🤖 AI Summary
A class of ultraluminous X-ray sources (ULXs) remains unconfirmed as pulsating ULXs (PULXs), despite exhibiting characteristics suggestive of neutron-star accretors.
Method: We propose a prior-informed unsupervised clustering framework that constructs a multidimensional feature space from time-domain and spectral properties extracted from XMM-Newton observations. Crucially, we leverage known PULXs as anchor points to adaptively determine cluster separation thresholds, enabling high-confidence identification of candidate pulsators without performing computationally intensive blind pulse searches.

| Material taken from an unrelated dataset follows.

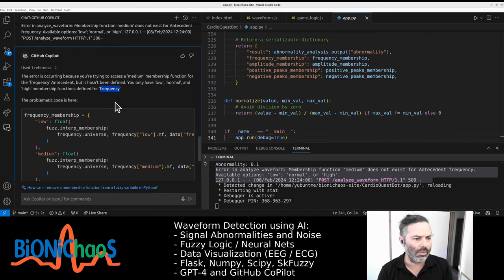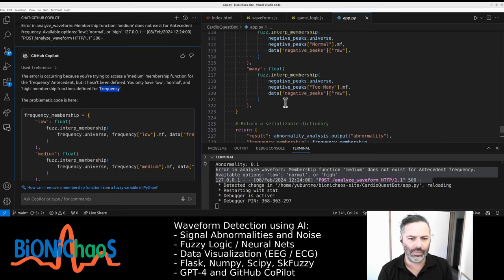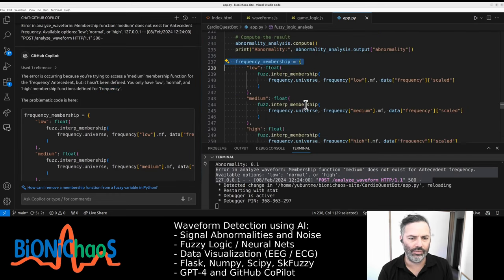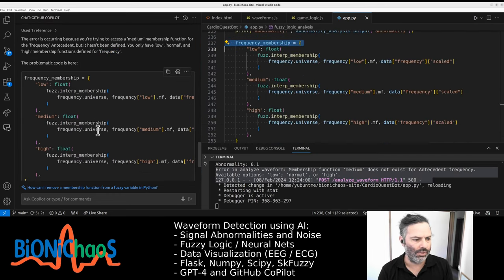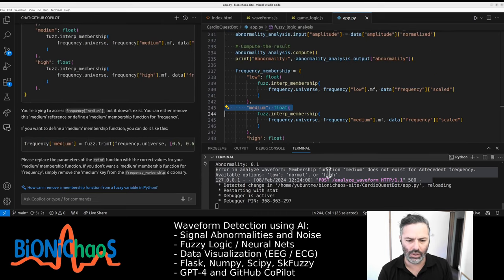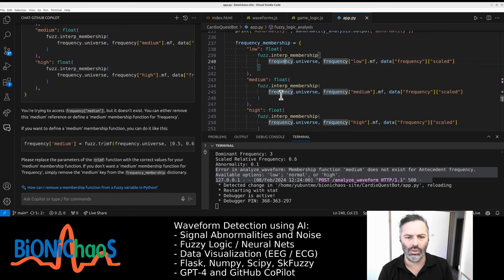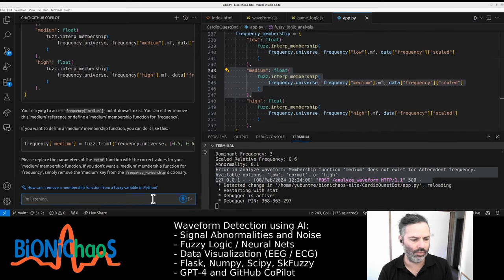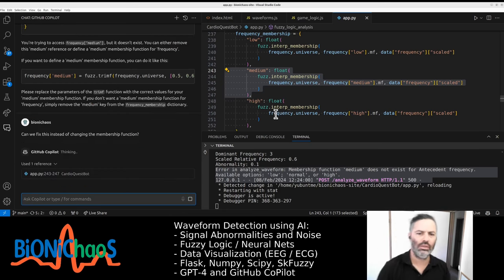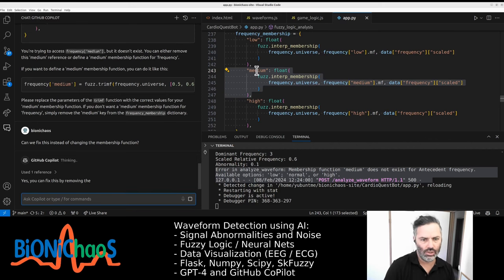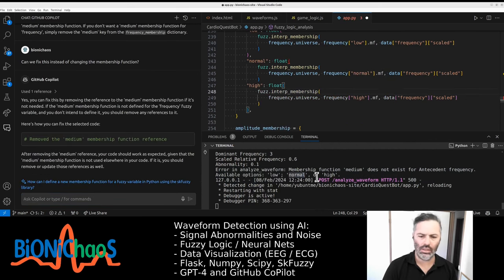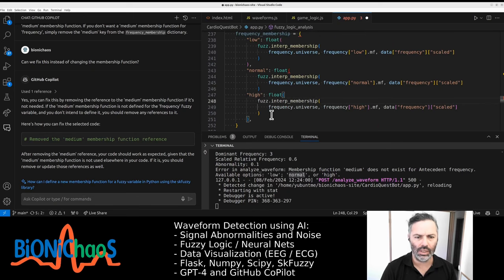We're having problems with the frequency membership — specifically, low, medium, high. Instead of 'medium', we should have 'normal', so we should have low, normal, and high. This should be called 'normal'. Can we fix this instead of changing the membership function? So the interior should change 'medium' to use 'normal'.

Contribution/Results: The method efficiently identifies 85 independent PULX candidates, ~85% of which possess multiple archival observations—substantially enhancing the efficiency and feasibility of follow-up high-precision timing analyses. Our results demonstrate the viability and frontier value of AI-driven “similarity-based prediction” for classification in high-energy astrophysics, establishing a novel paradigm for source characterization beyond traditional periodicity detection.
📝 Abstract
The discovery of fast and variable coherent signals in a handful of ultraluminous X-ray sources (ULXs) testifies to the presence of super-Eddington accreting neutron stars, and drastically changed the understanding of the ULX class. Our capability of discovering pulsations in ULXs is limited, among others, by poor statistics. However, catalogues and archives of high-energy missions contain information which can be used to identify new candidate pulsating ULXs (PULXs). The goal of this research is to single out candidate PULXs among those ULXs which have not shown pulsations due to an unfavourable combination of factors. We applied an AI approach to an updated database of ULXs detected by XMM-Newton. We first used an unsupervised clustering algorithm to sort out sources with similar characteristics into two clusters. Then, the sample of known PULX observations has been used to set the separation threshold between the two clusters and to identify the one containing the new candidate PULXs. We found that only a few criteria are needed to assign the membership of an observation to one of the two clusters. The cluster of new candidate PULXs counts 85 unique sources for 355 observations, with $sim$85% of these new candidates having multiple observations. A preliminary timing analysis found no new pulsations for these candidates. This work presents a sample of new candidate PULXs observed by XMM-Newton, the properties of which are similar (in a multi-dimensional phase space) to those of the known PULXs, despite the absence of pulsations in their light curves. While this result is a clear example of the predictive power of AI-based methods, it also highlights the need for high-statistics observational data to reveal coherent signals from the sources in this sample and thus validate the robustness of the approach.